Sur scène, il donna le meilleur de lui-même, alternant les comédies de Sacha Guitry (Faisons un rêve, 1986), le drame classique (Lorenzaccio de Musset, 1978) et moderne (Le Retour de Harold Pinter, 1966), affectionnant les personnages historiques complexes (comme son Talleyrand dans Le Souper de Jean-Claude Brisville en 1989, qui lui valut un triomphe personnel qu’il tint toujours à partager avec son partenaire Claude Brasseur dans le rôle de Fouché – pièce fort heureusement portée à l’écran par Édouard Molinaro en 1992 pour laquelle il reçut le César du meilleur acteur, l’année suivante). Sans oublier ses propres pièces, Le Zouave (1975), Un habit pour l’hiver (1979), Une chambre sur la Dordogne (1987) et Pavane pour une infante.
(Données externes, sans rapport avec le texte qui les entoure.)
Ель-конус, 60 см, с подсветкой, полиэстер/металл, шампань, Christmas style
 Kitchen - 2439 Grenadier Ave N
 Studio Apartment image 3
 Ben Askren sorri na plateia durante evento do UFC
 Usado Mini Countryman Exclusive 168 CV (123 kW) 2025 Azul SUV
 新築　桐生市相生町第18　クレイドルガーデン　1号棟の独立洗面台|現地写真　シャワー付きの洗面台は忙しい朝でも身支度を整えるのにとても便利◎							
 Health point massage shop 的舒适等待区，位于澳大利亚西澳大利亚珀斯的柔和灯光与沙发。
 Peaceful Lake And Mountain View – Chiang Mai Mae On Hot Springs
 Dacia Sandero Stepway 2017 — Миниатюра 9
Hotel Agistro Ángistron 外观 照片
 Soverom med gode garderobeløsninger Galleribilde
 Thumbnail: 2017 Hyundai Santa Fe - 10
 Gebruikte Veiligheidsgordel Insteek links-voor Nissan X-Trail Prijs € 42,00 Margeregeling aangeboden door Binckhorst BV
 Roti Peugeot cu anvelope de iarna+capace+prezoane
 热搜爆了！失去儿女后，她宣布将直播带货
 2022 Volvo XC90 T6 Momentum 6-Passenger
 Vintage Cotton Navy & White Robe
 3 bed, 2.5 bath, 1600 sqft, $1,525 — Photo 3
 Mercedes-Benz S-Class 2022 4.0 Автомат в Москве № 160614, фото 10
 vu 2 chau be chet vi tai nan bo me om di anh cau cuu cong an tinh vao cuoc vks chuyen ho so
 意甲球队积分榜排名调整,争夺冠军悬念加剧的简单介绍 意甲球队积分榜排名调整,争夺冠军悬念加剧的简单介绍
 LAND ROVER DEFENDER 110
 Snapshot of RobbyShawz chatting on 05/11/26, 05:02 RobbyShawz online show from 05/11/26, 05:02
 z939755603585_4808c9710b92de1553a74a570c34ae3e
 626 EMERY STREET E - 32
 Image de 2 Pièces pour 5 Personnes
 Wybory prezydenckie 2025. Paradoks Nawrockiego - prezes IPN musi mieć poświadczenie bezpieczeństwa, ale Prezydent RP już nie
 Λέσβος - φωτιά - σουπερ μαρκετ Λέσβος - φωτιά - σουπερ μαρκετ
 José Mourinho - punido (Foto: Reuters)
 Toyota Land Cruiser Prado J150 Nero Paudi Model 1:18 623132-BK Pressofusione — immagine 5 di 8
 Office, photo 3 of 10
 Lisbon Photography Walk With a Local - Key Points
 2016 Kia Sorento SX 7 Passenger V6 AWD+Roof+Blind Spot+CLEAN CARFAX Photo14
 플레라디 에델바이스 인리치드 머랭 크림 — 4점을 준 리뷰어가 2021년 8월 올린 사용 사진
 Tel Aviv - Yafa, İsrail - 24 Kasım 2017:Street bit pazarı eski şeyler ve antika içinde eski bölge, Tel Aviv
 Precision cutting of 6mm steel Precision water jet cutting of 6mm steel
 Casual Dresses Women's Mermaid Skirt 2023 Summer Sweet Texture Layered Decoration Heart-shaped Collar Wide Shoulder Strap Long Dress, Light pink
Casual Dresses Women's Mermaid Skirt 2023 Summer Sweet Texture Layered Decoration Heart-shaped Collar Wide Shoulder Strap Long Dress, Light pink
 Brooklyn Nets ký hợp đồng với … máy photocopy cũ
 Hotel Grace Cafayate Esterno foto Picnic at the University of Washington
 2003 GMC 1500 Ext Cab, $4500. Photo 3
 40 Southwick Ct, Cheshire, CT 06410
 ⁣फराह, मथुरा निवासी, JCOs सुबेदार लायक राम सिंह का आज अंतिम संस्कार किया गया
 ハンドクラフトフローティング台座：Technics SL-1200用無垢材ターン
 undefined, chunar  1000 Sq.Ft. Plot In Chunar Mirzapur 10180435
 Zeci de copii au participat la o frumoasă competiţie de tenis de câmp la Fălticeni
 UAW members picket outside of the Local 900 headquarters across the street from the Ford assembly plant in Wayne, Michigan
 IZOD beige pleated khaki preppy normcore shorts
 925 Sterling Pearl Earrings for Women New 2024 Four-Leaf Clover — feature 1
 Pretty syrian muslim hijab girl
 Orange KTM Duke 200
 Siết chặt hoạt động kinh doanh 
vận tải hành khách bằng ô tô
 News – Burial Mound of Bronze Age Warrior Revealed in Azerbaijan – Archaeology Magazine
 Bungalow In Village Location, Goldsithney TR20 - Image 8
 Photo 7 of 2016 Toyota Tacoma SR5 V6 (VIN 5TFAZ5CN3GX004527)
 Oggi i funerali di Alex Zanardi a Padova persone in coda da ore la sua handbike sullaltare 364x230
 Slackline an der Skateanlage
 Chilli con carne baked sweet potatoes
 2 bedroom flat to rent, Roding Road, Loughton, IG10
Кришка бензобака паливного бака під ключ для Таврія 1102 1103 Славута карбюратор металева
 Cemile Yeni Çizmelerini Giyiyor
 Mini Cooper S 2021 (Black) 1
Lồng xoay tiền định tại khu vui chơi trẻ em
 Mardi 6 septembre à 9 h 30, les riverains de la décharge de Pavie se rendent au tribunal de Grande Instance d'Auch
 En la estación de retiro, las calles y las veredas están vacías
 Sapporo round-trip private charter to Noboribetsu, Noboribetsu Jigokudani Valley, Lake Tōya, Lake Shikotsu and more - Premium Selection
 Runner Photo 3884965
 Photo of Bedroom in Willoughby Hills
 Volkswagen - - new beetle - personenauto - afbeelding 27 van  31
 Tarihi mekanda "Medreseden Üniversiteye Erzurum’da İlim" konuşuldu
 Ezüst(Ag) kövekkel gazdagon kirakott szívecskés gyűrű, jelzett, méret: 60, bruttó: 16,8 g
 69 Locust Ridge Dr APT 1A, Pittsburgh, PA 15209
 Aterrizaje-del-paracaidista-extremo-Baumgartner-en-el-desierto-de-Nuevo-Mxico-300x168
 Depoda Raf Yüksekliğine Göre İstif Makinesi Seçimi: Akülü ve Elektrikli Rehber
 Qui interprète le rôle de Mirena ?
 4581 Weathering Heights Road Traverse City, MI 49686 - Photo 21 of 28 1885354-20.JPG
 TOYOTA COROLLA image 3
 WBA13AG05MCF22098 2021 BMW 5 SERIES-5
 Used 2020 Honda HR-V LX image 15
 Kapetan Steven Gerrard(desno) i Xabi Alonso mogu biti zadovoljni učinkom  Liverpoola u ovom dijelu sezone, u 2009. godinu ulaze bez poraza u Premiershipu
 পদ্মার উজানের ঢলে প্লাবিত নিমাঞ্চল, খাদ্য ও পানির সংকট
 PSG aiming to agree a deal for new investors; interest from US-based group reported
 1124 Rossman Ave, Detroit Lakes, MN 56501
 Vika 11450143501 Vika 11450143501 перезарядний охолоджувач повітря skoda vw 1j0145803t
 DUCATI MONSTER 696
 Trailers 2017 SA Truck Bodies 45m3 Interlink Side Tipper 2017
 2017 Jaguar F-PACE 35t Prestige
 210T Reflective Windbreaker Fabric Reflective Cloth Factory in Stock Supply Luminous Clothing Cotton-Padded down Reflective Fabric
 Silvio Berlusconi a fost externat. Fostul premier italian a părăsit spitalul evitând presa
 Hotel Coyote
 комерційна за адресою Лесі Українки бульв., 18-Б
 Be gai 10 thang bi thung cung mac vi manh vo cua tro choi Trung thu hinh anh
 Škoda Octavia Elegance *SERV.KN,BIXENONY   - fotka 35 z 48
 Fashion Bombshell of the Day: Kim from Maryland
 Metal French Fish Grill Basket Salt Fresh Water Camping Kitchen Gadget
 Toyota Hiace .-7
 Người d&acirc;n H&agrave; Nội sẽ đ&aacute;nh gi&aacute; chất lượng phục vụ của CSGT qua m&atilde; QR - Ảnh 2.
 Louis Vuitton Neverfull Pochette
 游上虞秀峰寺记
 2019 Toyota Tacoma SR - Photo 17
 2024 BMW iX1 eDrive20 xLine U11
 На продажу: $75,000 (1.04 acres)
Une carrière menée pratiquement toujours au sommet, qu’il sut adapter, le grand âge venu, en choisissant des rôles de composition hauts en couleur, comme son Chamblin dans Le Colonel Chabert d’Yves Angelo en 1993, son Panoramix dans Astérix et Obélix : mission Cléopâtre d’Alain Chabat en 2002 et, pour la télévision, son cardinal Duèze dans Les Rois maudits de Josée Dayan (2005) ou son Galilée ou l’amour de Dieu de Jean-Daniel Verhaeghe (id.). Un éclectisme qui continuait d’illustrer au plus haut niveau la passion qu’il éprouvait pour son art.
Acteur d’une grande précision d’exécution, au rythme de déplacement très calculé, à la diction souvent fort lyrique, à la présence aussi bien mesurée (son Léon Blum dans Thérèse et Léon de Claude Goretta pour la télévision) que galvanisante (Le Souper), Claude Rich fut aussi, dans la vie de tous les jours, un homme intègre et d’une grande discrétion. Mieux qu’une star, l’acteur idéal.